• [WHAT TO PRODUCE]: Transcribe every entry exactly; the images stay out.

• [DATASET]:
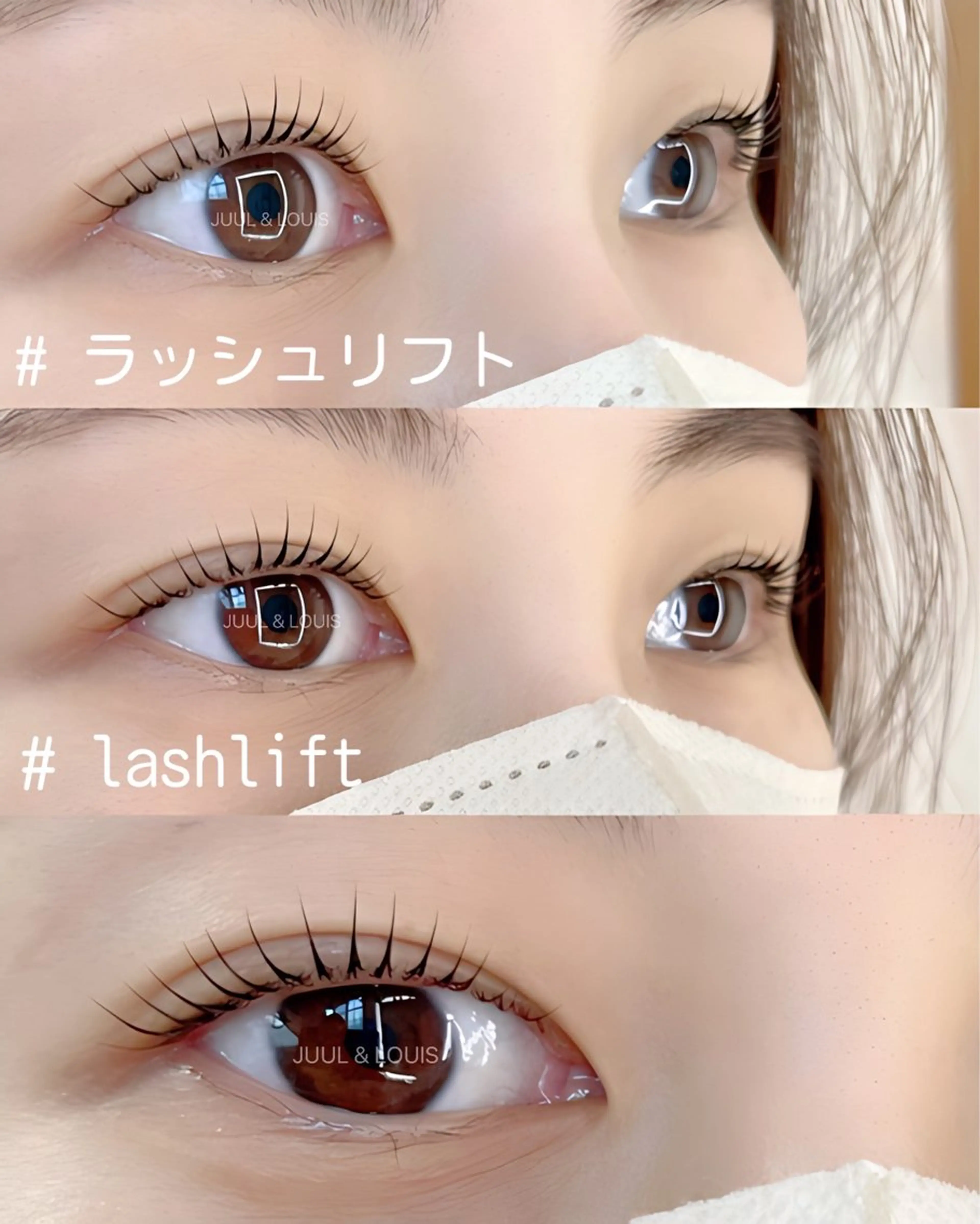 マツエク・マツパ カラーマツエク まつげパーマ マツパ JUUL&LOUIS 福藤 瞳のエステ・リラクイメージ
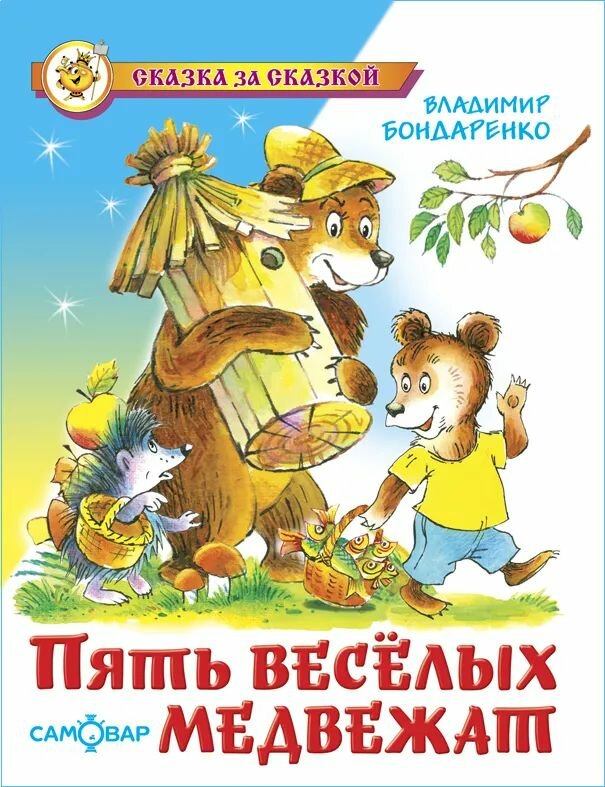 Пять веселых медвежат: Владимир Бондаренко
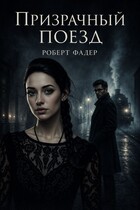 Призрачный поезд / Роберт Фадер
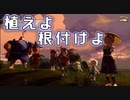 【実況】天穂のサクナヒメでおいしいお米を皆で食べたいpart10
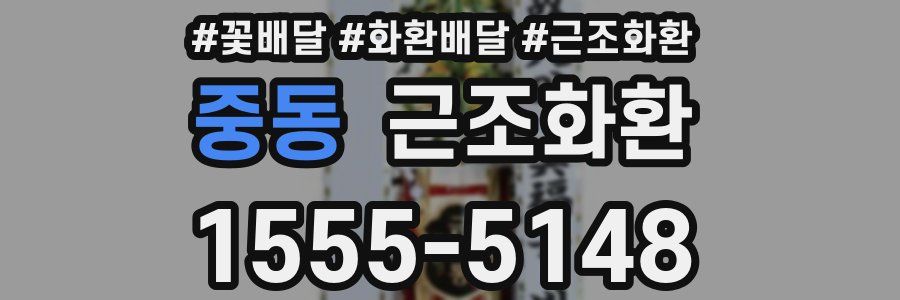 중동 근조화환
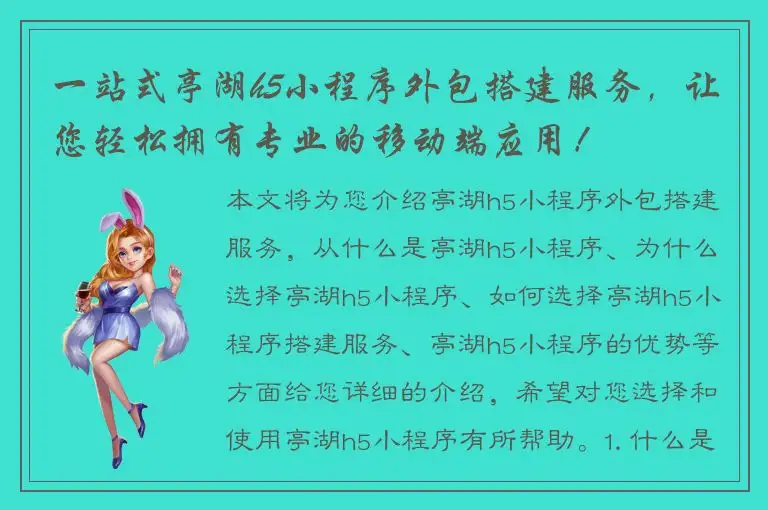 一站式亭湖h5小程序外包搭建服务，让您轻松拥有专业的移动端应用！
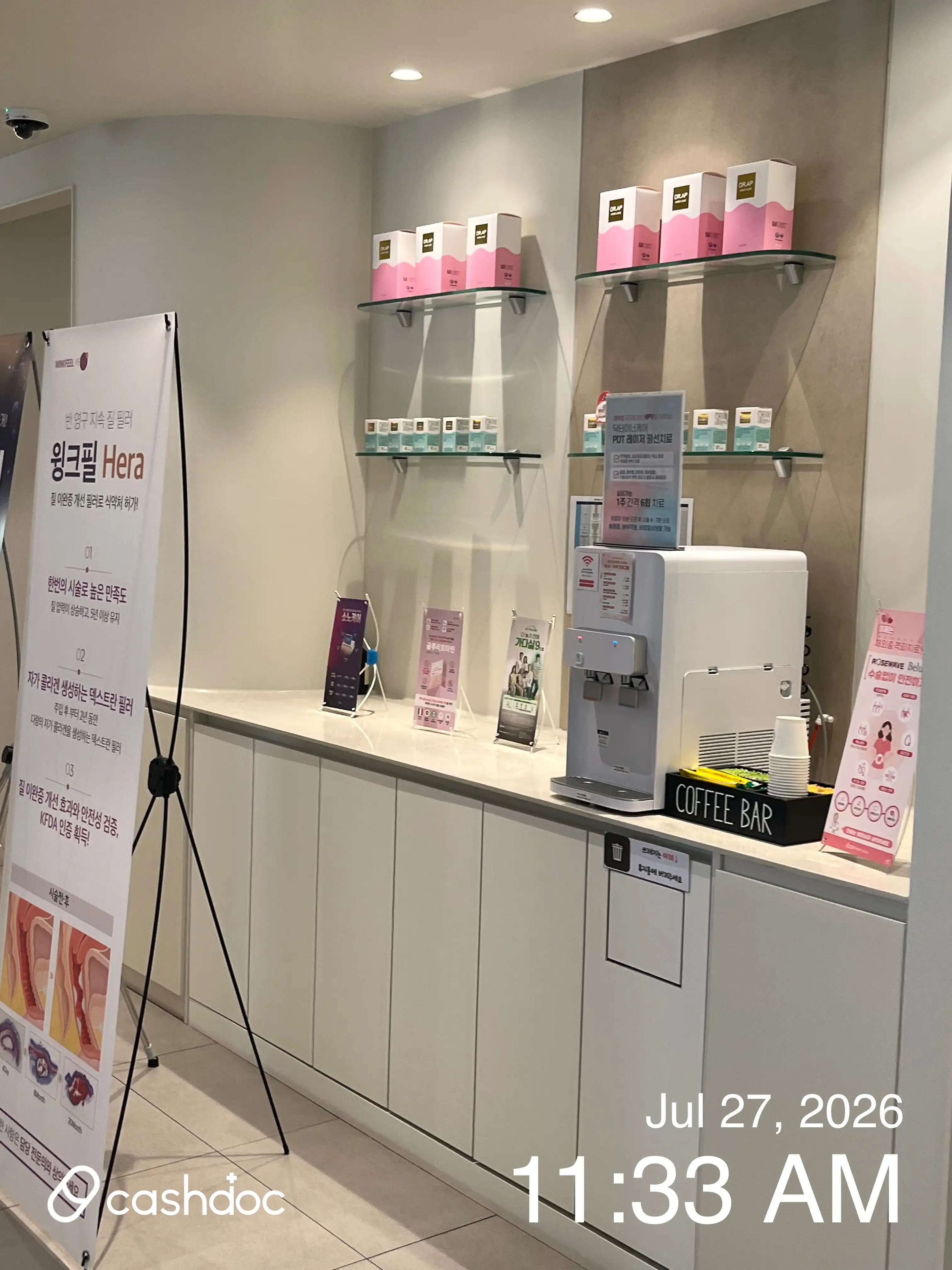 苹果妇产科医院 光明铁山店 9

• [OUTPUT OF THE TASK]:
 マツエク・マツパ カラーマツエク まつげパーマ マツパ JUUL&LOUIS 福藤 瞳のエステ・リラクイメージ
 Пять веселых медвежат: Владимир Бондаренко
 Призрачный поезд / Роберт Фадер
 【実況】天穂のサクナヒメでおいしいお米を皆で食べたいpart10
 중동 근조화환
 一站式亭湖h5小程序外包搭建服务，让您轻松拥有专业的移动端应用！
 苹果妇产科医院 光明铁山店 9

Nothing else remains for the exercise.